Evidence supports the hypothesis that most—if not all—of the PcG proteins are involved in silencing gene expression—or rather in maintaining the silence of gene expression.  But understanding the mechanisms of this complicated process is a difficult matter.  Whereas one or two transcription factors can be key to a gene’s expression pattern, so far at least 15 Polycomb genes have been identified.  It is a daunting task to decipher how this large number of PcG proteins engages the various levels of chromatin, from nucleosomes to chromosomes, to lock in gene expression in generation after generation of cells.

After a researcher in the Kingston lab painstakingly purified PcG proteins from Drosophilamelanogaster embryos to examine their role in chromatin remodeling, Francis recognized the new opportunity to develop biochemical assays in order to study PcG proteins.  She embarked on setting up simplified systems.  “If we start with these simple systems and really understand molecular interactions, then [we] can gradually build up to a more complicated system,” she explains.  To date, Francis and her colleagues have looked at about 50% of the PcG proteins and have identified some of their activities.  For instance, several PcG proteins reside in the Polycomb Repressive Complex 1 (PRC1), which inhibits chromatin remodeling and transcription in vitro.  PRC1 also likely alters chromatin structure through interaction with nucleosomes.  “But there’s a lot these proteins are doing that we haven’t identified yet,” says Francis.

The Francis Lab

In her Harvard lab, Francis intends to tackle how gene silencing by the PcG can be inherited through cell division.  This will involve bridging the fields of cell division and transcriptional silencing.  Cell division is an enormous field and a new area for Francis.

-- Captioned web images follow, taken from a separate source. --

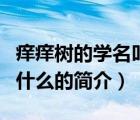 癢癢樹的學(xué)名叫什么（說一說癢癢樹的學(xué)名叫什么的簡(jiǎn)介）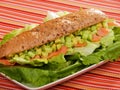 Sandwitch with salmon Royalty Free Stock Photo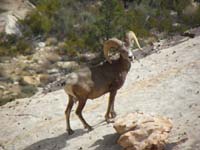 48-Bighorn_Sheep-it_watched_us_a_few_times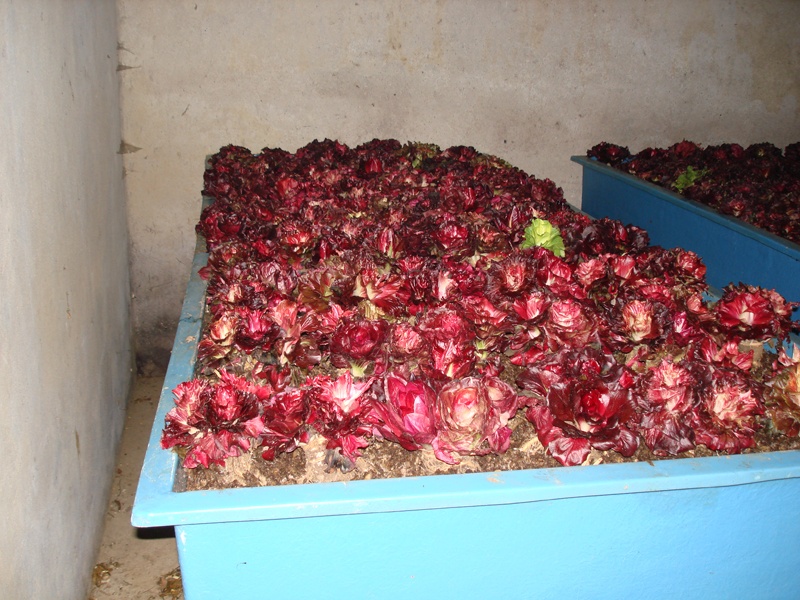 Radicchio rosa di Sacile 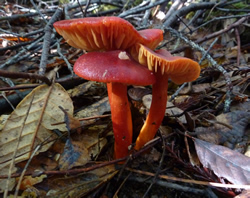 Hygrocybe coccinea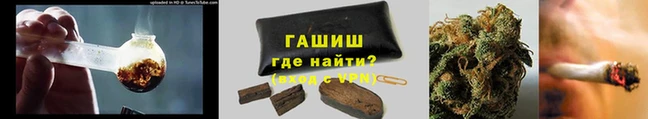 шишки Белокуриха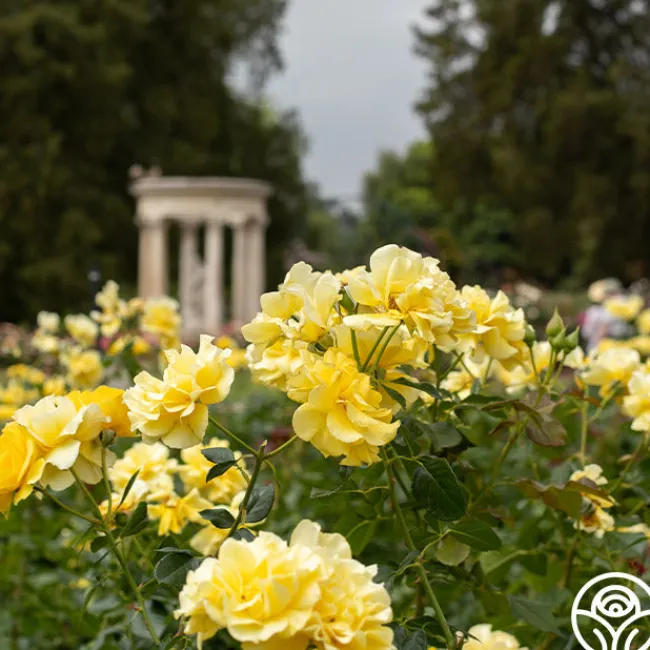 Sparkle & Shine™>Heirloom Roses Clearance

In venturing into this new territory, she’s pleased to be part of the collaborative environment fostered within MCB and especially looks forward to working with Harvard colleagues such as Matt Michael, a researcher in the forefront of DNA replication and repair mechanisms. She is invigorated by the challenge of following in the footsteps of renowned scientists who paved the way for her generation of researchers, scientists such as Roger Kornberg whose groundbreaking research at Harvard in the 1970s introduced the scientific community to nucleosomes.  Using modern-day biochemical approaches, the Francis lab will be looking at what happens to PcG protein interactions with nucleosomes during DNA replication and mitosis to discern how, from the get-go of chromatin formation and on through the higher levels of chromatin structure, PcG proteins mediate cellular inheritance.  

As well as increasing understanding of the biochemical activities of PcG proteins, Francis hopes to learn more about how PcG proteins affect chromatin folding and structure.  How chromatin is folded appears to be key to how genes are silenced and perhaps also how silencing is remembered.  Francis initiated this line of inquiry while working with Bob Kingston, using electron microscopy in collaboration with the Christopher Woodcock lab at the University of Massachusetts, Amherst.  She hopes to continue using high resolution imaging to study PcG effects on chromatin, and perhaps to foray into single molecule studies, again in collaboration with colleagues in MCB and neighboring departments.


For further reading, see Francis, N.J., Kingston, R.E., and Woodcock, C.L. (2004) Chromatin Compaction by a Polycomb Group Protein Complex. Science 26: 1574-1577.